World Sleep Day is Friday March 18, and it’s dedicated by the World Association of Sleep Medicine (WASM) to educating the public on the importance of quality sleep. The day’s slogan “Good Sleep is a Reachable Dream.”

According to WASM, 4 percent of the U.S. adult population suffers from obstructive sleep apnea. In addition, sleep apnea is especially a problem for truck drivers.

But what are the facts on sleep apnea?

Here are five things to know about sleep apnea:

1. What is obstructive sleep apnea? Obstructive sleep apnea occurs when the upper throat muscles become too relaxed during sleep and restrict the airway. This can happen for 10 seconds to a minute or longer, according to WASM, and causes the blood’s oxygen level to drop. 

2. What are the symptoms of sleep apnea? Nighttime symptoms of sleep apnea, according to Phillips Respironics, include: loud persistent snoring, witnessed pauses in breathing, restless sleep, frequent bathroom visits, and choking or gasping for air during sleep. Phillips Respironics says daytime symptoms of sleep apnea include early morning headaches, excessive daytime fatigue, depression or irritability, sleepiness during routine activities and poor concentration.

3. What is a CPAP machine, and what does it do? CPAP stands for continuous positive airway pressure. CPAP machines work to alleviate sleep apnea by constantly flowing airway pressure to the throat so airways remain open during sleep, according to Phillips Respironics. There are multiple types of CPAP masks that vary to match an individual’s sleeping habits.

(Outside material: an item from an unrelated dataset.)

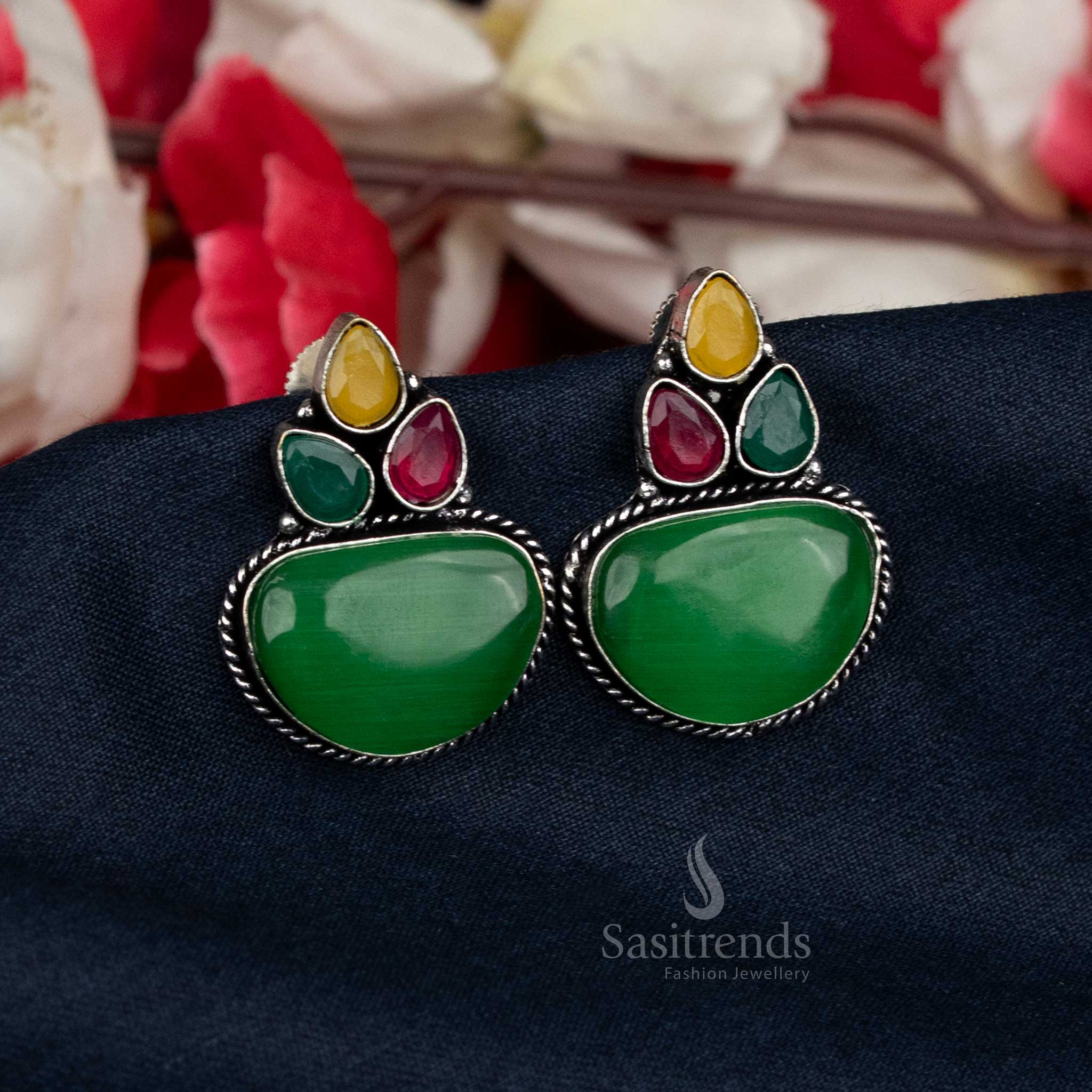 Oxidised Silver Floral Stud Earrings with Multicolor Stone Design - Sasitrends - Image 13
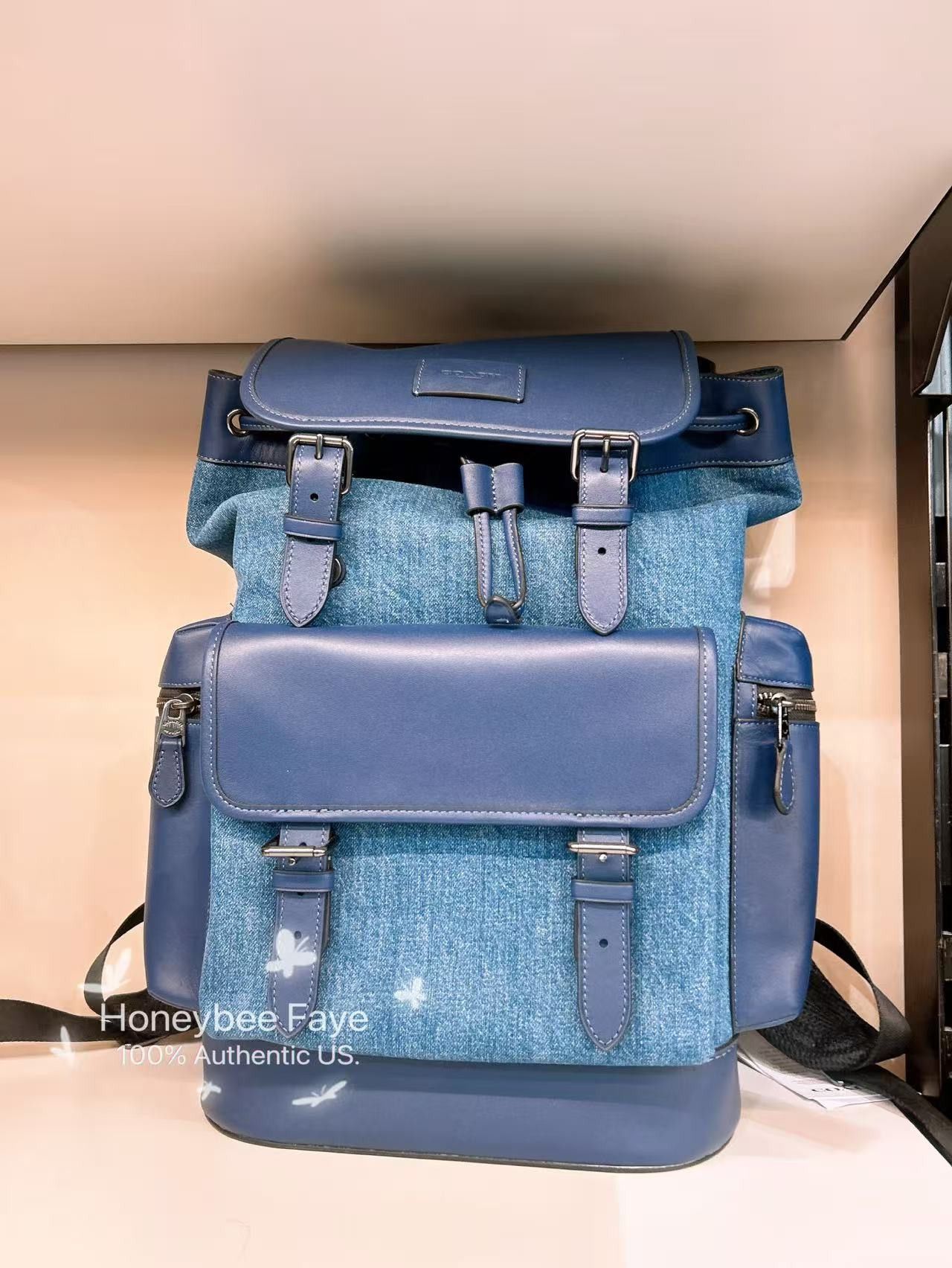 Coach Sprint Backpack CBI76 Denim/Deep Blue Size ONE SIZE - 3 Thumbnail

CPAP mask styles include nasal masks, full face masks, minimal contact masks and more.

4. What harm does sleep apnea cause? According to the National Heart, Lung and Blood Institute, sleep apnea can increase an individual’s risk of heart failure, diabetes, stroke, high blood pressure, heart attack, obesity, arrhythmias and can increase the chance of an individual having a driving or work accident.

5. Is there only one kind of sleep apnea? The short answer is no. There are three main types of sleep apnea, according to Mayo Clinic. Obstructive sleep apnea is the most common form of sleep apnea. Central sleep apnea happens when the brain fails to send accurate signals to the muscles that control breathing, while complex sleep apnea syndrome happens when an individual experiences a hybrid of obstructive sleep apnea and central sleep apnea.